Who Do We Reach When We Can’t Reach Out?

There are a lot of things right now that have me feeling disconnected. I feel disconnected from family, friends, from the world at large. This has been the case for a while now, due on my end to poorly implemented barriers and my madcap mental health, which makes being a person tricky. But it’s gotten even more pronounced since I have become unable to use my wheelchair and am currently dependent on an older chair that’s almost impossible to transport. A lot of my time *read all of my time* is spent at home scrolling through the internet and trying to marshal my executive dysfunction into allowing me to complete the necessary tasks related to being a human.

Despite my time spent on the internet being extensive, my following is nearly nonexistent as a whole. It is so small that I don’t even encounter the average amount of internet trolls everyone else seems to. But because my experience on the internet is so uncharacteristically enjoyable I have to wonder if I’m having any kind of impact at all. Though, I suppose kindness can be just as effective a metric. And if that’s the case I’m a rousing success.

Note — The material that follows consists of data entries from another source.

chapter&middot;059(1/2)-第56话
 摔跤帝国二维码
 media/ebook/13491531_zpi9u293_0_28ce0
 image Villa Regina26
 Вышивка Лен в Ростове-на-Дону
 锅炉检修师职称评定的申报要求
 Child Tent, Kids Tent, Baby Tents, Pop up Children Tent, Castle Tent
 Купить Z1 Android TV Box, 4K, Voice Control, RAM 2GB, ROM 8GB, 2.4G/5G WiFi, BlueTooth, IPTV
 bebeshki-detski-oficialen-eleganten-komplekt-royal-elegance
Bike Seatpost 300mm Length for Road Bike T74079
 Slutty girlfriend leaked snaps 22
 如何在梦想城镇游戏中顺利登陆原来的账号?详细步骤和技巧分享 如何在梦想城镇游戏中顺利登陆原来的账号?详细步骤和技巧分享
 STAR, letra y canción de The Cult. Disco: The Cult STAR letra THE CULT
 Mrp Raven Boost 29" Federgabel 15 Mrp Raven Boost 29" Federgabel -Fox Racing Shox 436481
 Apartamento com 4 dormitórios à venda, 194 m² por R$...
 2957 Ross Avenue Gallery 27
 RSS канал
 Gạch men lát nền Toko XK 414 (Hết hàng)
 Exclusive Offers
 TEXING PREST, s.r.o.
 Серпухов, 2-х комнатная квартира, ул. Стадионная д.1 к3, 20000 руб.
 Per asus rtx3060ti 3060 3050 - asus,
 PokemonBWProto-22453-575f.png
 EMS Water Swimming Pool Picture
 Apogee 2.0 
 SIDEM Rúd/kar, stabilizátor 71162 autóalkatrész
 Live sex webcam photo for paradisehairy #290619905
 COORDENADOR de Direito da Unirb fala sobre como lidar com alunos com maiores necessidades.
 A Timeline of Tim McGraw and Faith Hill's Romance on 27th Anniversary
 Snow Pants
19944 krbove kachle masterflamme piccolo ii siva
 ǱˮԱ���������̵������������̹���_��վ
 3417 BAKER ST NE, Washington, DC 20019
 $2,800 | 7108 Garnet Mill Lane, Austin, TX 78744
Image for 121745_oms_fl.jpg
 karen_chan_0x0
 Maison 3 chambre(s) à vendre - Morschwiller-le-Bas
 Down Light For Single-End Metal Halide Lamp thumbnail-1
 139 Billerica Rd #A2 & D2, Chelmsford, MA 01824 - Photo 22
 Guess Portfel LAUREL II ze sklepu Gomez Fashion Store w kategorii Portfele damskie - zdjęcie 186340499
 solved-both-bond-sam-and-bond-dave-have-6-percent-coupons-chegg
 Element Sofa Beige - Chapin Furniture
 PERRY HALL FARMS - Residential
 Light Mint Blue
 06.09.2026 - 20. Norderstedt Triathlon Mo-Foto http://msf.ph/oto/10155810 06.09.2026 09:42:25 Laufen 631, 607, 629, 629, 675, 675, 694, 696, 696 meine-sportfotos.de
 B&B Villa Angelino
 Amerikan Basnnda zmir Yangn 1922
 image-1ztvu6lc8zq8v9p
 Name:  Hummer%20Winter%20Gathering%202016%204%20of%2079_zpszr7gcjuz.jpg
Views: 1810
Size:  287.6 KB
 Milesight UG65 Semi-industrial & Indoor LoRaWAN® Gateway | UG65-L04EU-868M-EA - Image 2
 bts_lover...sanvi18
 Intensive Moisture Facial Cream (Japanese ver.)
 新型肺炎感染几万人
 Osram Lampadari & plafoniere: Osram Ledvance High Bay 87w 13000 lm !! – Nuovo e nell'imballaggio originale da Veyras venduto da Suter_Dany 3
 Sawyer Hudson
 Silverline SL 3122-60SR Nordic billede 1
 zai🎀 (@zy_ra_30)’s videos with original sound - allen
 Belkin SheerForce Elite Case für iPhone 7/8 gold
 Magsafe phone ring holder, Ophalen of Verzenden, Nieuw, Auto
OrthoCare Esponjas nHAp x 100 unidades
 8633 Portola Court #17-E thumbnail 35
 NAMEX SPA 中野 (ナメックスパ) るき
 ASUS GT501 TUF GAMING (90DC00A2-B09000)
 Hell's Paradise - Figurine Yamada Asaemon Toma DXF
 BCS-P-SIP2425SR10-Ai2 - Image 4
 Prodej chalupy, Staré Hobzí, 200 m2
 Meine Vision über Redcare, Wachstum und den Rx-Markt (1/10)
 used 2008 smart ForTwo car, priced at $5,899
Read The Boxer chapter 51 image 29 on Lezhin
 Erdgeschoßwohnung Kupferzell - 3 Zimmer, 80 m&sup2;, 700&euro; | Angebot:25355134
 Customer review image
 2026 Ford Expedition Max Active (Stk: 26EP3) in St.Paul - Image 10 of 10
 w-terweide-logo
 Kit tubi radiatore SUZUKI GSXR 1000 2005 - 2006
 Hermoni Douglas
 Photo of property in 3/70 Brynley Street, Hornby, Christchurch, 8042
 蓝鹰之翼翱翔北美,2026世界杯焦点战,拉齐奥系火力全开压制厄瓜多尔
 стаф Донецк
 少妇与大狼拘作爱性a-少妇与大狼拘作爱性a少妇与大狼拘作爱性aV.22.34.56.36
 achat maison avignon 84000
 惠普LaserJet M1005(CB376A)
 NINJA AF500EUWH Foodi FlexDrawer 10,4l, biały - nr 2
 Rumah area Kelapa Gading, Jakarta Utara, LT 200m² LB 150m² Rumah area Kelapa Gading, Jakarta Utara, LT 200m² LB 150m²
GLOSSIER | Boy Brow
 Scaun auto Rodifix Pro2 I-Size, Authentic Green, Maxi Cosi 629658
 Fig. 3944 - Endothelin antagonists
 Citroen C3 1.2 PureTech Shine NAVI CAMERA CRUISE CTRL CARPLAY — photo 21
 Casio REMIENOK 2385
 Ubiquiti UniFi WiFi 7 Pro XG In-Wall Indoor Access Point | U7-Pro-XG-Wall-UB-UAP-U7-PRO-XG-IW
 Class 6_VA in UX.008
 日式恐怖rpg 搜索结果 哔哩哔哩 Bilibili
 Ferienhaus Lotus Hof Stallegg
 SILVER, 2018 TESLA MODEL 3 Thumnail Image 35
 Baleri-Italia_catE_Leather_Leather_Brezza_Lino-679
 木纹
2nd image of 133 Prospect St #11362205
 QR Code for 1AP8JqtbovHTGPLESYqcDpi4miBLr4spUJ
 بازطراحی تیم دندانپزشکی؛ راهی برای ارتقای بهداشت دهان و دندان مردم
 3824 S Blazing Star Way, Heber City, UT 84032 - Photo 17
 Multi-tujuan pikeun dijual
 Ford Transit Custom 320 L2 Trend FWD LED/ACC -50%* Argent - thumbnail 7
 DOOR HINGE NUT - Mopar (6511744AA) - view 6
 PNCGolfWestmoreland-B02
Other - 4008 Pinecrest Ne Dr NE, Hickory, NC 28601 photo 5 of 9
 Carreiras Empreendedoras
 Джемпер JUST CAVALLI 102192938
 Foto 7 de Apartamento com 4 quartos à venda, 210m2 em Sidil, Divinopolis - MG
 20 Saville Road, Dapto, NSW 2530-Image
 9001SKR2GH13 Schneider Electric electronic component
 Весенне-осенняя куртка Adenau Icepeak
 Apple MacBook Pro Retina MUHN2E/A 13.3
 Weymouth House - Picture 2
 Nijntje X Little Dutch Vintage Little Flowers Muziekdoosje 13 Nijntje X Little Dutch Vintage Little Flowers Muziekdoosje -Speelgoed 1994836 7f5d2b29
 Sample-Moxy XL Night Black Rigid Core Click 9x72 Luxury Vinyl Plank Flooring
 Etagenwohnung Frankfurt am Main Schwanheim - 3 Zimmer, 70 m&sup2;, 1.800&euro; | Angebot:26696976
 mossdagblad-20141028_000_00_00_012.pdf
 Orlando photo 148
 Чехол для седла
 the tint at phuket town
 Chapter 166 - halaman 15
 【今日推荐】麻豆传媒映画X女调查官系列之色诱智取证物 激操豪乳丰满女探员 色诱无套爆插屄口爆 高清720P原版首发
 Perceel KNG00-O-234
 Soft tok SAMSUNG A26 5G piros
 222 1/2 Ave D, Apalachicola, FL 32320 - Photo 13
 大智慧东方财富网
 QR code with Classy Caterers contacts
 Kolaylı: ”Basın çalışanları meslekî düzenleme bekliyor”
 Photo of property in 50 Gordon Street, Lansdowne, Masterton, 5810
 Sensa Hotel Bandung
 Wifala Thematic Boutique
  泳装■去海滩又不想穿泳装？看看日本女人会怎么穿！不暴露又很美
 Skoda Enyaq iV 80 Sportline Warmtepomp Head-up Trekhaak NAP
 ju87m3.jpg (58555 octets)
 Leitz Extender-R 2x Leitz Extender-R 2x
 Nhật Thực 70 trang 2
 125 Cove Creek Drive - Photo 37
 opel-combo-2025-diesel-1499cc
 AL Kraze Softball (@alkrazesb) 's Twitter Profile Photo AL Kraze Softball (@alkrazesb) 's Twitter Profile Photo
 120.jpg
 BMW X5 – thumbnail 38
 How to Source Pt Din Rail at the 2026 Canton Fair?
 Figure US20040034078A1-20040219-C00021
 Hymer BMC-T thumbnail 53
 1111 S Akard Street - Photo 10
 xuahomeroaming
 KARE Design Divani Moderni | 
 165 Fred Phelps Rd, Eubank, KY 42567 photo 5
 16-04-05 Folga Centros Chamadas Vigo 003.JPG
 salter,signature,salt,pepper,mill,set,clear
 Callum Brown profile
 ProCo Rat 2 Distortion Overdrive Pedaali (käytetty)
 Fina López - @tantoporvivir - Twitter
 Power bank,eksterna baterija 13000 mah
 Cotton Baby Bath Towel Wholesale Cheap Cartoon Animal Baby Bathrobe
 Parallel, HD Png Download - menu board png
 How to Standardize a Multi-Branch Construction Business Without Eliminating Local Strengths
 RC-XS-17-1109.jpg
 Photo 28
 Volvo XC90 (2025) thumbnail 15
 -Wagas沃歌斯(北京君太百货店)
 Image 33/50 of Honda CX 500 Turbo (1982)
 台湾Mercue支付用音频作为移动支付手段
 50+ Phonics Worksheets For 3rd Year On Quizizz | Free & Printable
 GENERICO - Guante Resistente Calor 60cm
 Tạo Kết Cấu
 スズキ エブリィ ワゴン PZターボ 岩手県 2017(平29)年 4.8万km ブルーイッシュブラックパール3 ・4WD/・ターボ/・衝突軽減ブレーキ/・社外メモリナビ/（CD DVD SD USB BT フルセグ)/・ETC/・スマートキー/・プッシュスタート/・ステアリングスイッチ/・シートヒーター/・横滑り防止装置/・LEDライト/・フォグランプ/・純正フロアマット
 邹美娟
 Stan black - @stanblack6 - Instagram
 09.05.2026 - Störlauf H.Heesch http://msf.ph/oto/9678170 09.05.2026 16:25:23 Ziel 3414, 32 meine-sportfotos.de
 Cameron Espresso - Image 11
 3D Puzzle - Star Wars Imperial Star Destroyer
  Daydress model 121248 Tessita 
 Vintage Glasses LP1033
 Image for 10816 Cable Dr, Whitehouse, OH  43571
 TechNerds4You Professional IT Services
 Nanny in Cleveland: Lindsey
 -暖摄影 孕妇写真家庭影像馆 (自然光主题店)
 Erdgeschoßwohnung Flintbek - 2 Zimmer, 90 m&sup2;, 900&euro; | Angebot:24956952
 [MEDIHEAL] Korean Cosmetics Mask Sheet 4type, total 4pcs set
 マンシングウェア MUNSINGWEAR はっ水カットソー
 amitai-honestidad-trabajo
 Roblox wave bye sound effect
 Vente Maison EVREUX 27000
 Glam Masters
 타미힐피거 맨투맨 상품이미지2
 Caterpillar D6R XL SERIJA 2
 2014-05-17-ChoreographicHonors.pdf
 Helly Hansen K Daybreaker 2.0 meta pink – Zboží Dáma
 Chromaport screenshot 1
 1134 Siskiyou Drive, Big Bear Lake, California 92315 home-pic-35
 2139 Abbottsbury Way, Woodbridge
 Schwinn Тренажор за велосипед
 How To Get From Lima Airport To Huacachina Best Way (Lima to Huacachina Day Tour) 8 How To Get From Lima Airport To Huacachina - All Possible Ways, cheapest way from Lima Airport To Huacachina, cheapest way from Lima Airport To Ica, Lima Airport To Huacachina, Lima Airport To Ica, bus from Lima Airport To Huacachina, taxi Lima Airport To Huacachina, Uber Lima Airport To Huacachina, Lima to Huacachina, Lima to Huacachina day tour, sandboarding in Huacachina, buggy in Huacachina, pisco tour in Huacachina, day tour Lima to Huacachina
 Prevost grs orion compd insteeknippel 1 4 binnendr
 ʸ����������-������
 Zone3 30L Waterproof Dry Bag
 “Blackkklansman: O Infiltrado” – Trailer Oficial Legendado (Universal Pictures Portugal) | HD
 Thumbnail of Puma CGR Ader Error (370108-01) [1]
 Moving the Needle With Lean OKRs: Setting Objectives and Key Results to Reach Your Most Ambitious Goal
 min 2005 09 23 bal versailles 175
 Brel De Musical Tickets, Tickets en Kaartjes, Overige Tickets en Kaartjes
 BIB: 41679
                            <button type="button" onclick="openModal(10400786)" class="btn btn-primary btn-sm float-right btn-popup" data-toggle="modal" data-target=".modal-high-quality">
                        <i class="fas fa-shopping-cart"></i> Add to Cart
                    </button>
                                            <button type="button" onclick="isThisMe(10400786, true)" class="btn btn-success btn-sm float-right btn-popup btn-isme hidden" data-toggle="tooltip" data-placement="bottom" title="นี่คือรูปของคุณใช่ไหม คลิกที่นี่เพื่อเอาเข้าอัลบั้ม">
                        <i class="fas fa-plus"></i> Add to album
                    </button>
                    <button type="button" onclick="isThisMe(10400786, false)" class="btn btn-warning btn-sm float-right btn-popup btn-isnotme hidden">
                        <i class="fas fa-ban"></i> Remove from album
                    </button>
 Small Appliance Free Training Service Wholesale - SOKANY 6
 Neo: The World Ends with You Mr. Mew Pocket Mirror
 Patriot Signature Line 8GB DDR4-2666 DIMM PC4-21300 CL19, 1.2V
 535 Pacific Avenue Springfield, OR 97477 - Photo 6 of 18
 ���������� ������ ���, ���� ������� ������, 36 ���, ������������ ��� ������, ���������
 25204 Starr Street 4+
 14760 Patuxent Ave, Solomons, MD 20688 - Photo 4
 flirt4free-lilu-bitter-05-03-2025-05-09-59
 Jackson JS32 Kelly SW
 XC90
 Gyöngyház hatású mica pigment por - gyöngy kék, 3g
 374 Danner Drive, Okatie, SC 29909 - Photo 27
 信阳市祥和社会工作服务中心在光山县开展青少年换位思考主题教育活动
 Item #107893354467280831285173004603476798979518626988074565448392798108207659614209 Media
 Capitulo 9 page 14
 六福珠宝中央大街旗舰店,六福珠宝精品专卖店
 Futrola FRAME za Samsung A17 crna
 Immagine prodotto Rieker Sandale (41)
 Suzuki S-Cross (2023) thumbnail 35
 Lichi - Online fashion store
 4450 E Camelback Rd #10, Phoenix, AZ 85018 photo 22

Still, I’m finding it hard to accurately gauge the kind of reach I have or what my overall impact is. While yes all of my social media presence, and even to a large extent my blog, are for me and me alone, they are seen and consumed, enjoyed even, by others. My question is how much. The general tone of any interactions I have online is positive. But that doesn’t tell me what, if anything people get out of my presence online.

My point is this: I put a lot of who I am online, especially in my blog but in other places to. I do that for several reasons. One is for myself, so I have a place to put my thoughts and feelings. But another is that I have experiences and knowledge I want to share. I’ve done things, gone through things, similar to what other people are experiencing right now. If what I have to say helps in some way, I’m more than willing to pass along some wisdom. Even if they can’t make use of it, at least maybe they’ll know they’re not alone.

My following, small as it is, lifts me up and keeps me going. They’re my lifeline a lot of the time, whether they know it or not, and I’m grateful. I can only hope I’m as much good to them as they’ve been for me. I fully intend to try to be.